Artificial intelligence (AI) lending platform Upstart saw its stock plummet 34% Wednesday (Aug. 9).
This follows the company’s delivery of an outlook for the third quarter that was lower than expected, Bloomberg reported Wednesday.
The decline comes after a monthslong rally for the stock that reached 445% at one point, according to the report.
The previous surge in Upstart stock was jump-started when the company reported its first-quarter results in May alongside a second-quarter outlook that was much higher than anticipated, the report said. It was also bolstered by investors’ interest in companies involved with AI.
At one point in mid-July, the company’s stock rallied around the time it was announced that Arbor Financial Credit Union, a credit union serving Michigan, partnered with Upstart to provide personal loans to more members. The companies said at the time that personal loan applicants on Upstart.com who meet Arbor’s credit policies will receive tailored offers.
About six weeks before, in early June, Upstart gained at a time when the prospect of at least a near-term pause in interest rate hikes had cheered investors on the prospects of lending platforms.
More recently, a majority of Wall Street analysts have recommended sell-equivalent on Upstart, as revealed by data collected by Bloomberg.
Morgan Stanley analyst James Faucette weighed in on the matter, stating, per the report, “Fade what appears to be a low-quality rally.” Meanwhile, Dan Dolev of Mizuho Securities commented, “I think some of the air is popping out of that balloon today.”
Lance Jessurun of BTIG suggested otherwise, issuing a buy rating on the stock and noting, per the report, “Outside of the disappointing 3Q guide for top-line, the quarter was actually pretty strong.”
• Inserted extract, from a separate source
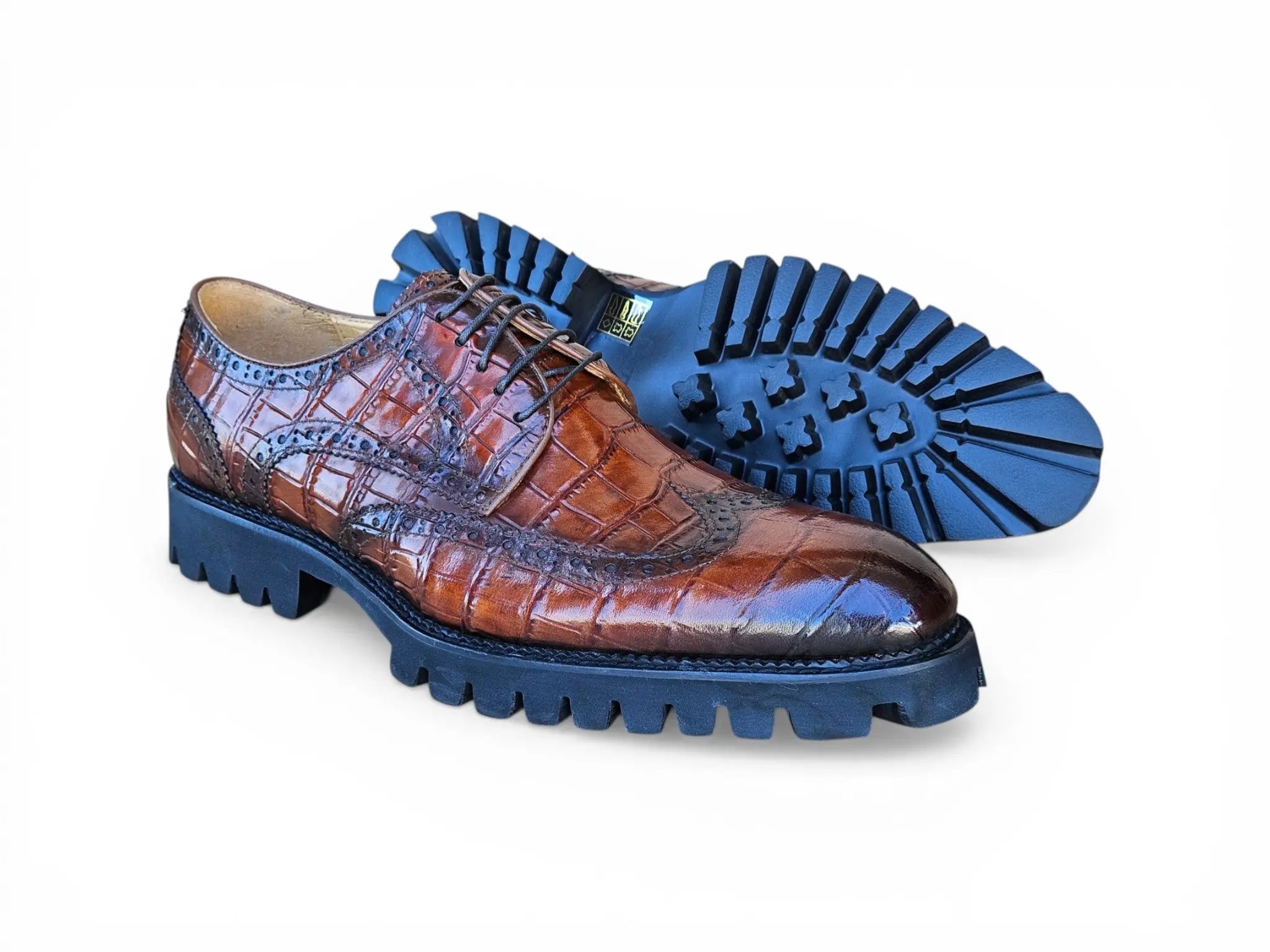 Blucher Style Alligator Embossed Oxford - Carrucci Shoes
During Upstart’s quarterly earnings call Tuesday (Aug. 8), CEO Dave Girouard said the company expects that when the funding markets return to normal, becoming less cautious than they are now, the company’s continuing investment in AI will have it in the pole position.
Already, during the second quarter, the company reached a record percentage of automated unsecured loans, with 88% being approved with “no waiting, no documents to upload and no phone calls.”
“Regardless of the economy’s direction in the coming months, I’m confident that we’re building a better, stronger enterprise for the future,” Girouard said during the call.